Jarvi creates specific lessons to help students learn to trust their own abilities and at the same time work together with their fellow musicians, both in their section and outside of it.
In one exercise, he plays his own version of musical chairs in which the students “scramble” and do not sit with anyone in their own section. Mixing the violins with the piccolos forces each artist to learn how to play her part in a larger group but also how she fits into that larger group.
It is a lesson in context that reveals self-discovery as well as place and time, not unlike a lesson in the succession of composers and the perspective and attitudes that influenced their compositions and generations after them.
Much like politicians or writers, music composers, as well as musicians, developed a taste and aesthetic based on their personal experiences, belief systems and attitudes regarding the works of their predecessors and their peers.
Learn to listen
Though orchestration and conducting are his passions, Jarvi acknowledges that sometimes the best lessons he teaches through abstention.
“Sometimes, I just don’t conduct, and they have to learn to listen and hear their colleagues,” he said. “If they are not listening, focusing, it is obvious.”
Choosing to sit by and take in the sights and sounds that surround him, Jarvi said he sees his students actually learn how to become “one giant instrument.”
Yes, these are valuable, and at times, indelible, lessons in cooperation, communication and commitment, the likes of which far exceed anything these students may have learned in their early lives from Elmo or Big Bird.
Another lesson involved pen and paper, or at least computer, as their instrument of expression.
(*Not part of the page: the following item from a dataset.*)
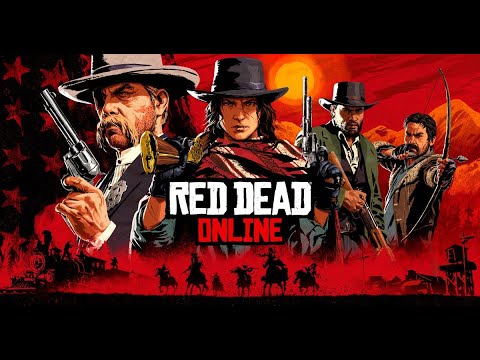 Видео: Дикий Дикий Запад ! Red Dead Online . Live Stream !!!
In that exercise, Ingraham said, the students wrote their own press releases about their performance at Powell.
Learn to take risks
Ingraham said many of these students have not performed before more than 200 people before coming to the youth orchestra.
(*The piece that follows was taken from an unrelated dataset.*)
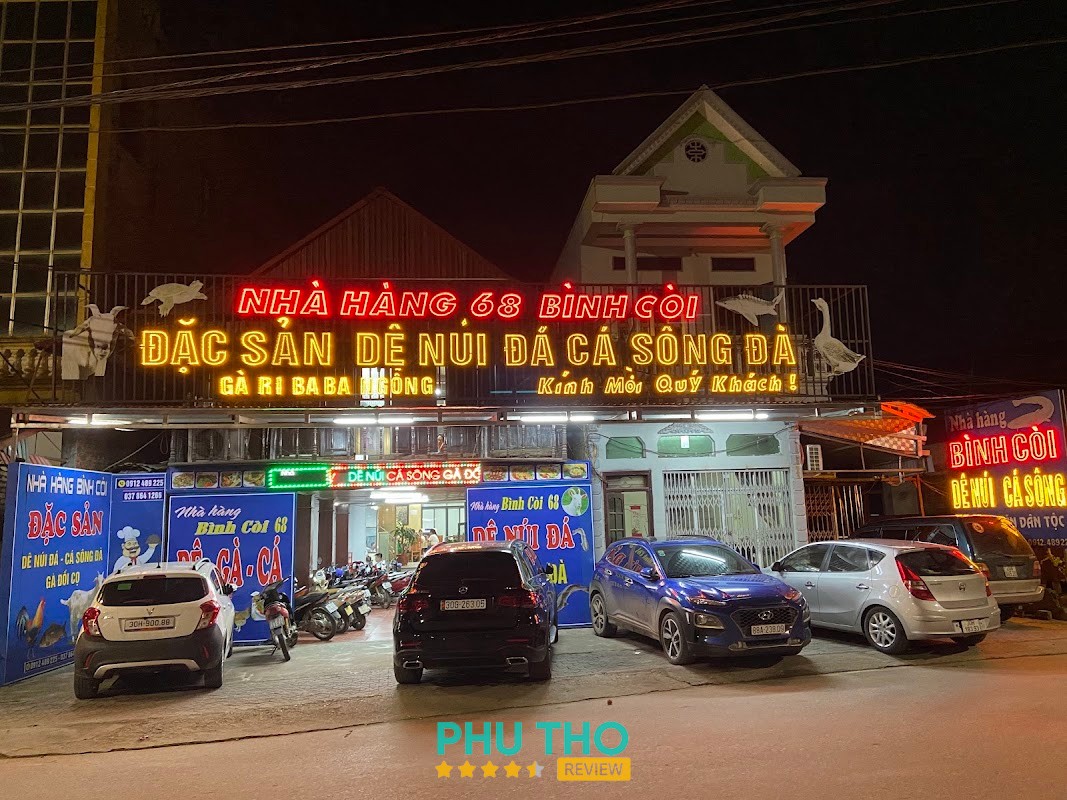 Nhà Hàng Bình Còi Thanh Thủy Phú Thọ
Their emotions and attitudes run the full range as they realize they will be on stage at Powell before 2,000 people, many of whom are well-versed symphony audience members as well as their own family members.
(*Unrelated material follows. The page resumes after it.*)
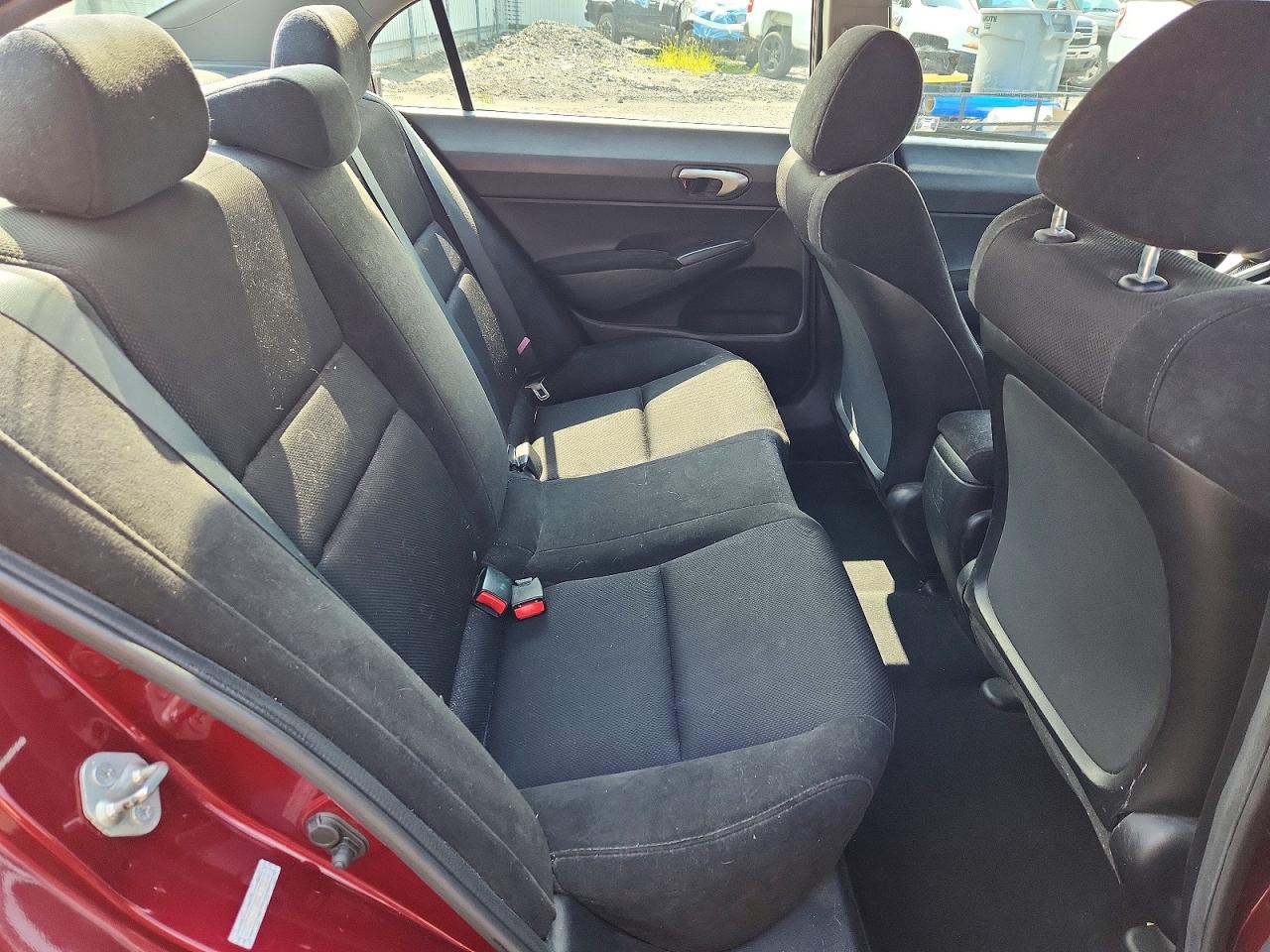 2010 Honda Civic Lx-s Maroon vin: 19XFA1F6XAE078013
Susan Hampton, now assistant orchestra director at Parkway Central High School, said performances like this offer their own lessons.
“Take the risks in life,” she said.
Ingraham said while there are intentional take-aways in such lessons, there are also little personal messages these young artists absorb.
And the lessons are as varied as the students. “Some are so tired because they just had four finals and six papers due and three other performances,” Ingraham said. “And then you see others who wake up so excited just to make music.”
In its own way, each rehearsal, each performance offers its own lesson, Jarvi said, “and each can at times become singularly daunting.
But overall, the students take away life lessons in cooperation, team work and vulnerability, and sometimes a single performance or rehearsal can bring insights of all of these all at once,” Ingraham said.
Learn to create
Just as with everything else these students learn, the life lessons prove to be meaningful and inspire them to do something with their talent, Jarvi said.
It is a matter of channeling those lessons and their love of music, Ingraham agreed.
“One kid came up to me at the end of the second rehearsal,” she said, “and told me that rehearsal was always something he enjoyed, but that this was the first time he ever felt like crying just because rehearsal was over.”
Jarvi has high expectations of his students. He does not hesitate to tell them that they are the face of the next generation of musicians.
“We all know that future means make up new rules,” he said. “Helping them understand that so that they realize that the most fulfilling thing that we do is create.”
And that is the real challenge — the one Yo-Yo Ma alluded to: What will they create?